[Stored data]

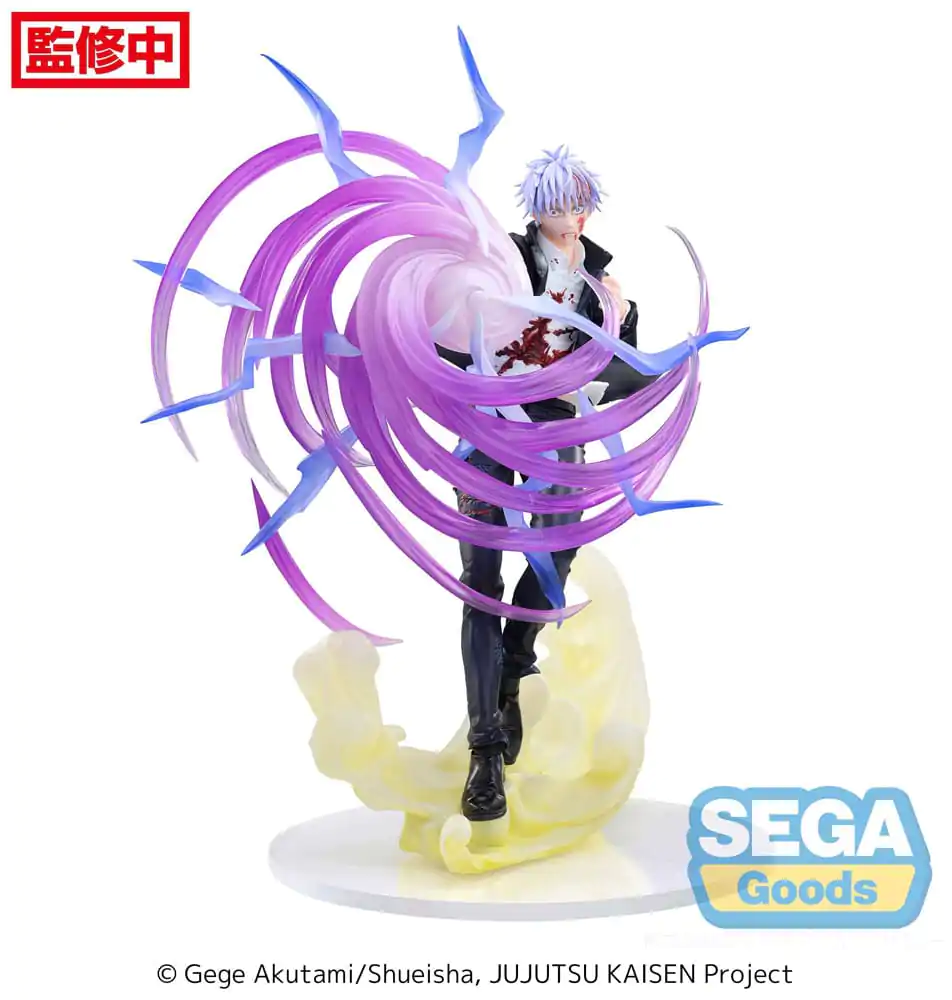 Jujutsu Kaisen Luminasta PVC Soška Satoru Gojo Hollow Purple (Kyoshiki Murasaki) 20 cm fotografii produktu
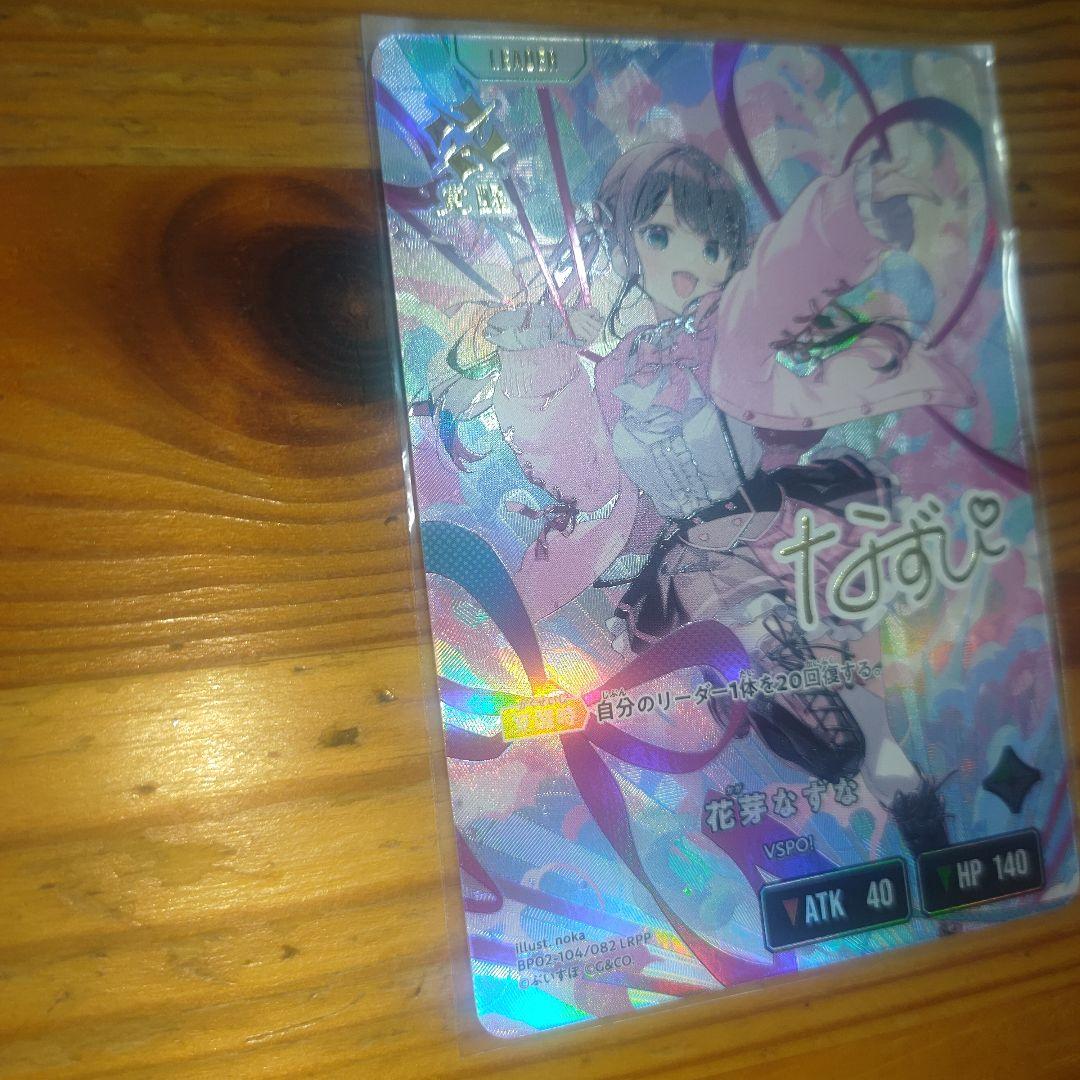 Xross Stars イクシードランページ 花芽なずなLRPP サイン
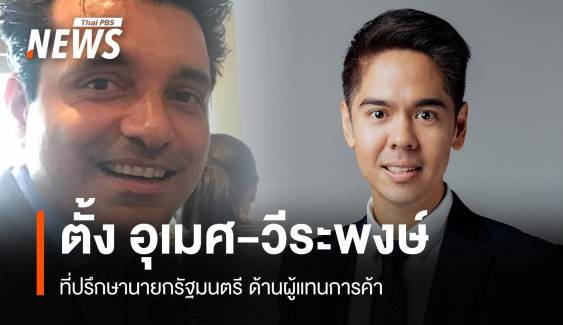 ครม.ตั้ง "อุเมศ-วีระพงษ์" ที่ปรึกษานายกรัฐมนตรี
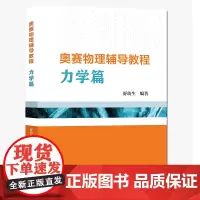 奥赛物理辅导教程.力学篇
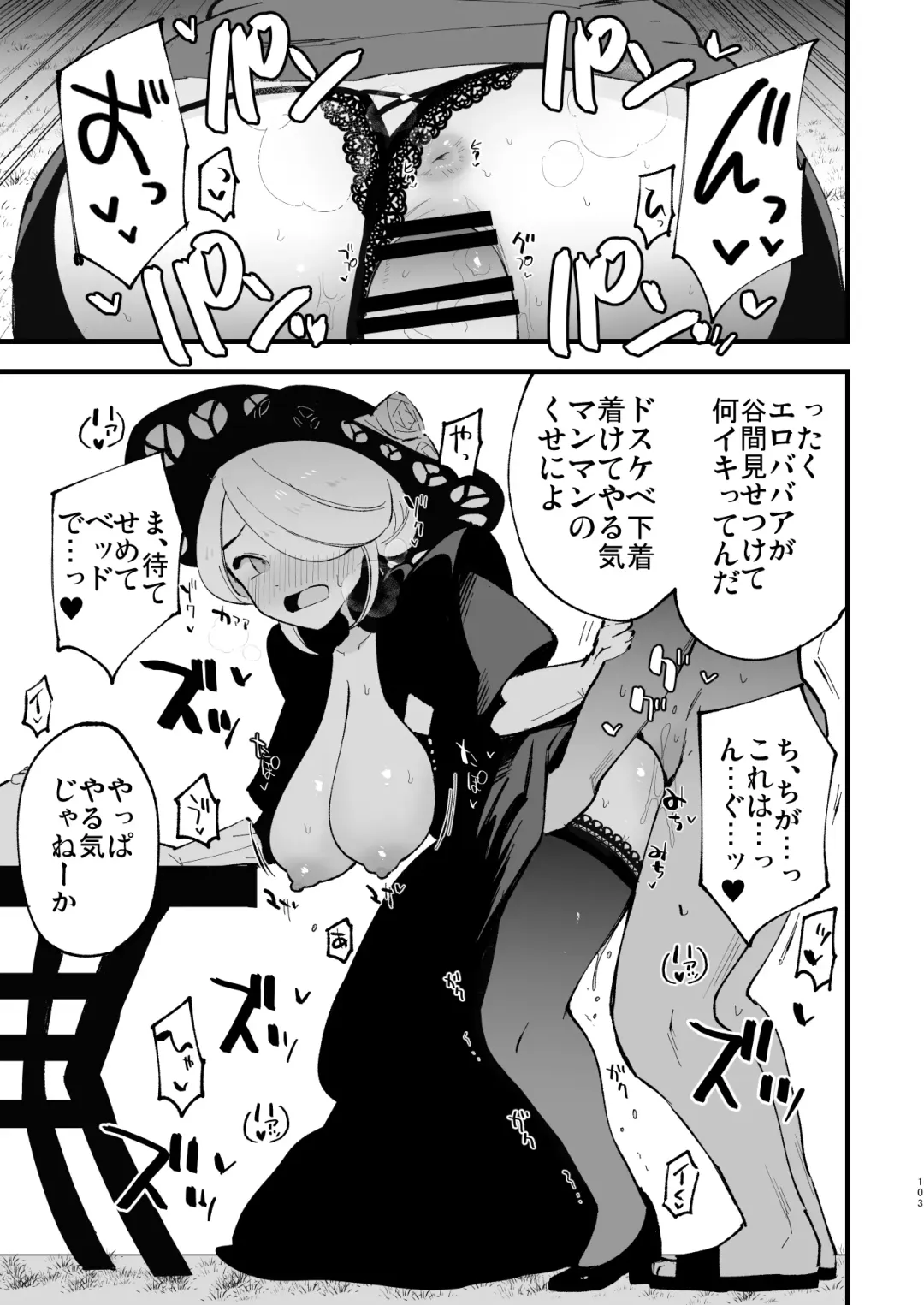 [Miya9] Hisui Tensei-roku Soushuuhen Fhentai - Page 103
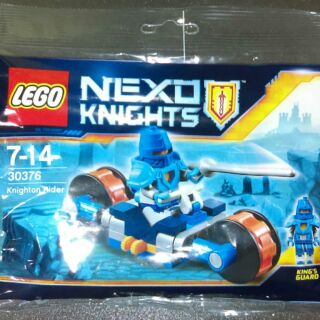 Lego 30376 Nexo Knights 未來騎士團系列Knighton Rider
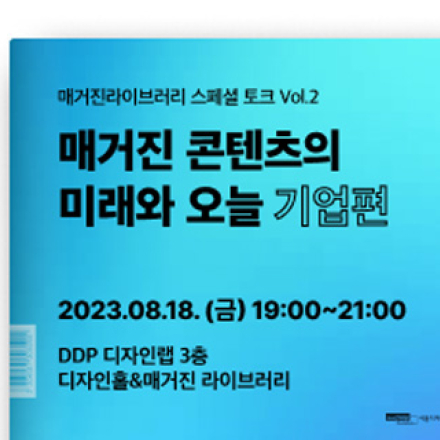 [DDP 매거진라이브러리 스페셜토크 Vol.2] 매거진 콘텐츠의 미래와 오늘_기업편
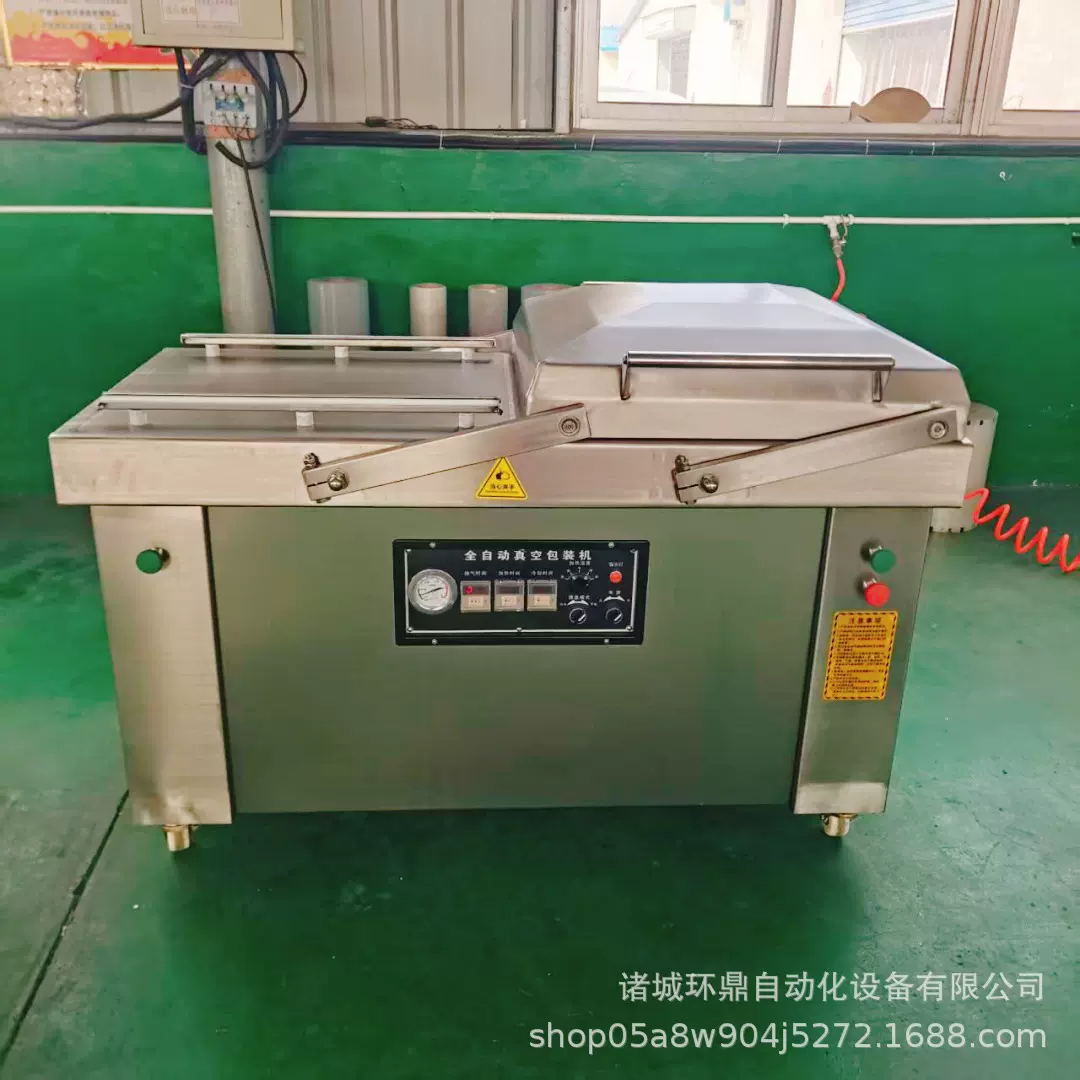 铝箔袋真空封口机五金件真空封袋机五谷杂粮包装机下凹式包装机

**What the exercise asks**. Repeat the records above exactly, omitting every picture.

**Task solution**.
 Jujutsu Kaisen Luminasta PVC Soška Satoru Gojo Hollow Purple (Kyoshiki Murasaki) 20 cm fotografii produktu
 Xross Stars イクシードランページ 花芽なずなLRPP サイン
 ครม.ตั้ง "อุเมศ-วีระพงษ์" ที่ปรึกษานายกรัฐมนตรี
 奥赛物理辅导教程.力学篇
 [Miya9] Hisui Tensei-roku Soushuuhen Fhentai - Page 103
 Lego 30376 Nexo Knights 未來騎士團系列Knighton Rider
 [DDP 매거진라이브러리 스페셜토크 Vol.2] 매거진 콘텐츠의 미래와 오늘_기업편
 铝箔袋真空封口机五金件真空封袋机五谷杂粮包装机下凹式包装机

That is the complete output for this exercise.